The rapid increase in debt has been the story of the past decade in China, with much of that being in the shadow banking market covering wealth management products (WMP). A clampdown on that sector has indeed seen WMP numbers fall dramatically, and there are signs of credit-induced stress in the economy. But anecdotally much of the debt creation has morphed into something else, which isn’t measured or reported. One option to resolve bad debts was to create debt to equity swaps, yet on close reading of the contracts there was still a debt component as the equity could be sold back at a later date. A debt wasn’t really being replaced by equity, it was merely a disguised loan.
Even if you assume the data is massaged or simply made up, then surely a conservative discount factor should get you closer to the real numbers? Not at all.
Take the stock market. As the market rallies there are always lots of stories about the millions of mum and dad investors buying up shares, and how China is a retail-driven market, and that there are more share investors than members of the Communist Party. But, as at the end of 2017, the exchanges reported 133 million open accounts, yet clearing house data has consistently shown that around 50 percent of all accounts have sat empty for a year.
Dig a bit deeper and you find that only 40 million accounts have been opened to trade the ChiNext board in Shenzhen, home to the bulk of private and new economy stocks in China. Dig deeper still and only 4.3 million accounts are actually set up to trade via margin financing on exchanges.

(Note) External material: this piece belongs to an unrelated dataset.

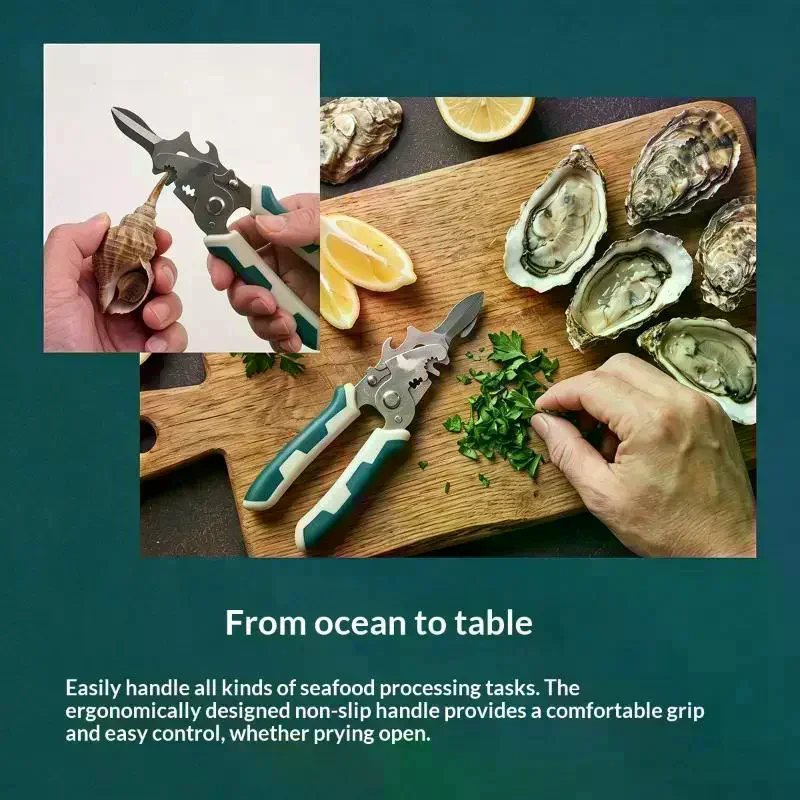 Handle Stainless Steel Oyster Knife Thickened Multi-purpose Shellfish Opener Seafood Shucking Tool Non-slip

So even a simple question of how many investors are there, or simpler still, how many accounts are open can provide multiple answers. They are all correct but merely answering a different question. If you want to make the optimistic case to open a Chinese branch, then focus on total accounts open. If you want to stay home and avoid all the hassles of running a business in China, then plump for the low number. China statistics can support any business case you want.
So how does one navigate this environment? For much of the past decade a well-known commentator cleverly made the point that on average no Chinese person could afford a car. It’s clear that using averages just makes no sense. China is a land with multiple economies, often sitting right on top of one another.
The first thing to remember is that no one metric is ever going to be a good proxy for China. The place is just too complicated to be boiled down to just a handful of numbers. Never assume that just because a Chinese statistic goes by the same name as the developed market one that the underlying assumptions are the same.
The number of investors in the stock market is not the number of open accounts, yet that is what is most often provided when looking at market reports. Keep asking questions of the data sets and results produced. Chinese companies and individuals are reporting what they think is needed, and are more often than not indifferent to it being correct or complete.
And remember the advice of Nobel Prize-winning theoretical physicist Richard Feynman: “The first principle is that you must not fool yourself – and you are the easiest person to fool.” China’s rise and economic development truly is impressive, but China is full of big numbers that can lead investors or businessmen astray.
Being tough on yourself and asking hard questions of the data is essential for understanding China.
Fraser Howie is co-author of three books on the Chinese financial system, Red Capitalism: The Fragile Financial Foundations of China’s Extraordinary Rise (named a Book of the Year 2011 by The Economist magazine and one of the top ten business books of the year by Bloomberg), Privatizing China: Inside China’s Stock Markets and “To Get Rich is Glorious” China’s Stock Market in the ‘80s and ‘90s. He studied Natural Sciences (Physics) at Cambridge University and Chinese at Beijing Language and Culture University and for over twenty years has been trading, analyzing and writing about Asian stock markets. His work has been published in the Wall Street Journal, Foreign Policy, China Economic Quarterly and the Nikkei Asian Review, and is a regular commentator on CNBC, Bloomberg and the BBC.